Vous avez accueilli un chef religieux qui a instrumentalisé sa visite pour déverser ses positions les plus rétrogrades et patriarcales au sujet des femmes !

Enfin, les mots les plus virulents viennent de la bouche de Caroline Désir, députée socialiste : "Monsieur le Premier ministre, vous avez accueilli un chef religieux qui a instrumentalisé sa visite pour déverser ses positions les plus rétrogrades et patriarcales au sujet des femmes". L'ex-ministre de l'éducation conclut sa prise de parole par cette question au gouvernement : "Avez-vous demandé à votre Ministre des Affaires étrangères de convoquer le nonce apostolique pour dénoncer les propos du chef de l'Eglise ?"

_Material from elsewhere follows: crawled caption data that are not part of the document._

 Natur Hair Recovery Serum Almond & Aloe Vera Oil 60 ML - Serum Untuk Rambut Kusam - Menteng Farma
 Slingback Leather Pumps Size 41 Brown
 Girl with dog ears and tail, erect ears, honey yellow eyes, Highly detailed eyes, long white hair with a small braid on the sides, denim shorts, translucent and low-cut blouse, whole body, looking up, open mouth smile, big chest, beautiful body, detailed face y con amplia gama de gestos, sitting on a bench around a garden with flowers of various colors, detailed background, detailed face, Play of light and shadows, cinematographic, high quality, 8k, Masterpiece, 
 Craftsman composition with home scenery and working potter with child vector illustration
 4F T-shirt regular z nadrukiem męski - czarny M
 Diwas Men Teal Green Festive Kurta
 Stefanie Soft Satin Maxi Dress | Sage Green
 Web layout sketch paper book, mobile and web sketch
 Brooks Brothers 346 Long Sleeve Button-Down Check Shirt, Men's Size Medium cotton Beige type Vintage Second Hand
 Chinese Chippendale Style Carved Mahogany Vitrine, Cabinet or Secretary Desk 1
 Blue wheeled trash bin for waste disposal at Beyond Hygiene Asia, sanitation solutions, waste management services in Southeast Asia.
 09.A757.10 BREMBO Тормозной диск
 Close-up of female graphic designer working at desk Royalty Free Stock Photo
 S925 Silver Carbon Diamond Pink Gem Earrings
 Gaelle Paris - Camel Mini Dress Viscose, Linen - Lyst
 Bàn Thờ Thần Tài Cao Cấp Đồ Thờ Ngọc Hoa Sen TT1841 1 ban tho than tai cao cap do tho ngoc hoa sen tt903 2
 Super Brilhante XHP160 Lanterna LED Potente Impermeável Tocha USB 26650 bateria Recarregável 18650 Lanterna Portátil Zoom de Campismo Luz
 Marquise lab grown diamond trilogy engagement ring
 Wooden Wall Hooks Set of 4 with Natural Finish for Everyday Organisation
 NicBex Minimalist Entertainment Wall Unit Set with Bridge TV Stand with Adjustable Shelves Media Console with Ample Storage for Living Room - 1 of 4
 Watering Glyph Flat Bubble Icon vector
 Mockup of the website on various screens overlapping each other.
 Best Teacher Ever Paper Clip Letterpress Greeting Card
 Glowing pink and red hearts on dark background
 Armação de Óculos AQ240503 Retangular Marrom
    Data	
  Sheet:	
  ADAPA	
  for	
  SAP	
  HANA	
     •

Alexander De Croo interrogé par Sarah Schlitz (Ecolo-Groen).

Alexander De Croo, énervé, passera un "message clair" au nonce : "Ce qu'il s'est passé est inacceptable"

C'est au tour du Premier ministre de prendre la parole et d'assurer d'emblée qu' "aucune visite de la crypte de Laeken n'était prévue" dans le programme : "C'est le pape lui-même qui a insisté pour avoir cette visite de dernière minute pour pouvoir se recueillir devant la tombe du roi Baudouin. J'ai été informé après coup que cette visite avait eu lieu". Une visite qui, pour Alexander De Croo, était censée être "purement privée" ; "mais je prends acte du fait qu'après cette visite, il y a quand même eu des communications officielles du côté du Vatican. C'est donc une visite qui, clairement, était quand même un peu moins privée que prévue..."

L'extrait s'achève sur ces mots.